Your home to over 150,000 silly Facebook statuses! Find the perfect witty, silly, or downright funny status to share with your friends and family. Check in daily for fresh updates!
You can`t buy happiness, but you can buy ice cream, and that`s kind of the same thing.
I want my next girl to be crazy but more "Lets have sex in public" crazy rather than "I throw hot coffee in your face" crazy.
Santa must be the bravest man around. Who else would let a bunch of deer pull them around in a sleigh during hunting season?
if its got tits you will get nothing but trouble !!!!!!!!!!!!!!
If you think your wife is crazy now. Wait untill you divorce her.
If adult diapers are called Depends, then baby diapers should be called Definitely!!
A wise man once told me `Never sleep with your a$$ itching.. You`ll wake up with smelly fingers`
I like to say my kid handles funds for a multi-billion dollar corporation. It`s easier than saying he is a cashier at McDonald`s
If you reach your hand into a woman`s purse, it crosses into a parallel universe containing everything but the one thing you`re looking for.

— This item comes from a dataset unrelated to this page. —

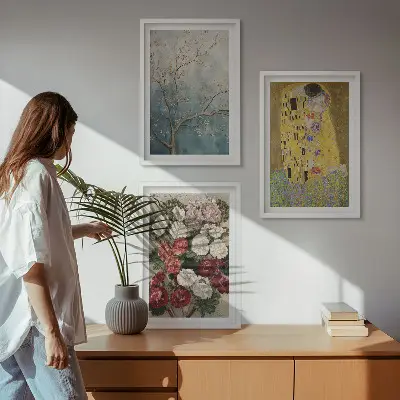 Set de tablouri pentru dormitor cu modelul Florile copacului pictat de Klimt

The awkward moment when you type HO instead of HI.
Exactly when in American history did Americans stop having British accents?

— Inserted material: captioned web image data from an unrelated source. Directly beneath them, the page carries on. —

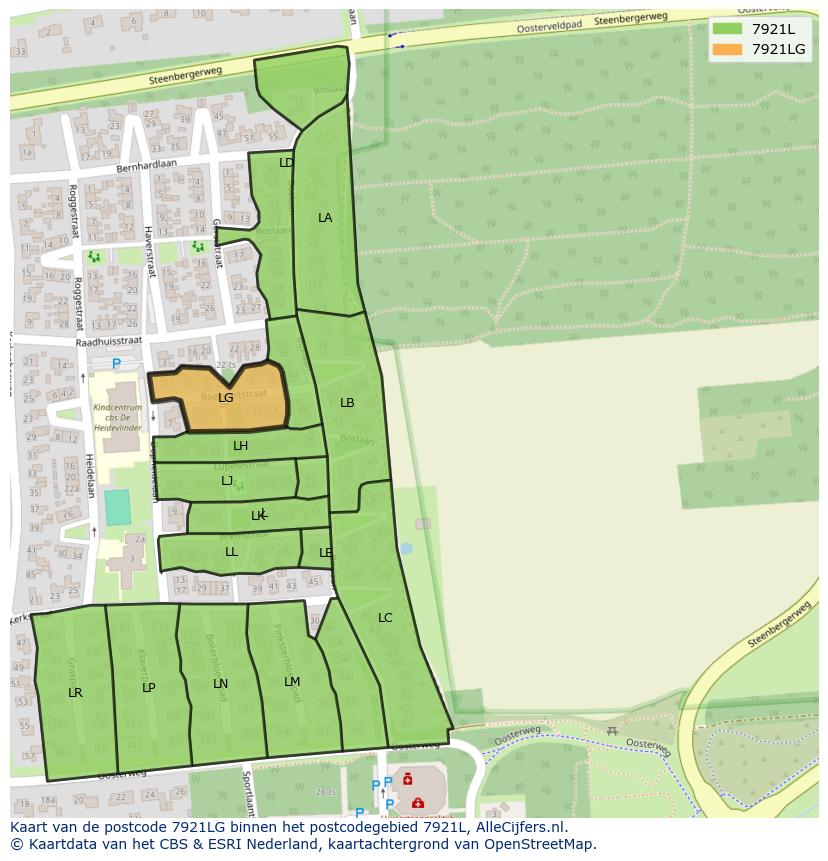 Afbeelding van het postcodegebied 7921 LG op de kaart.
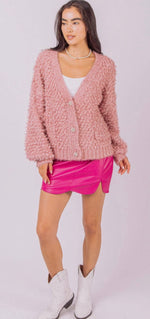 Load image into Gallery viewer, Puff Sleeve Fuzzy Glitter Cardigan Sweater
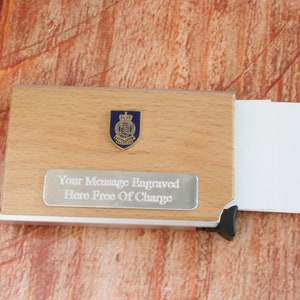 RAOC Royal Army Ordnance Corps Design Houten pop-upkaarthouder Creditcardportemonnee RFID-kluis met gratis gravure Vaderdagcadeau ME22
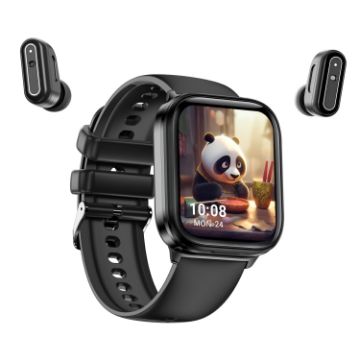 X9 1.85" Square Screen Bluetooth Earphone Smart Watch - Black - 1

Today somebody called me a model! Well they said "poster boy for birth control", but I knew what they meant.
People say that I have no idea what hard work is. That`s not true! I know exactly what it is... How do you think I avoid it so easily?
Sometimes you just need to do something stupid while sober so that people will leave you alone about your drinking.
There is nothing like sitting naked in a beanbag chair eating Cheetos. I hope they let me back in Walmart.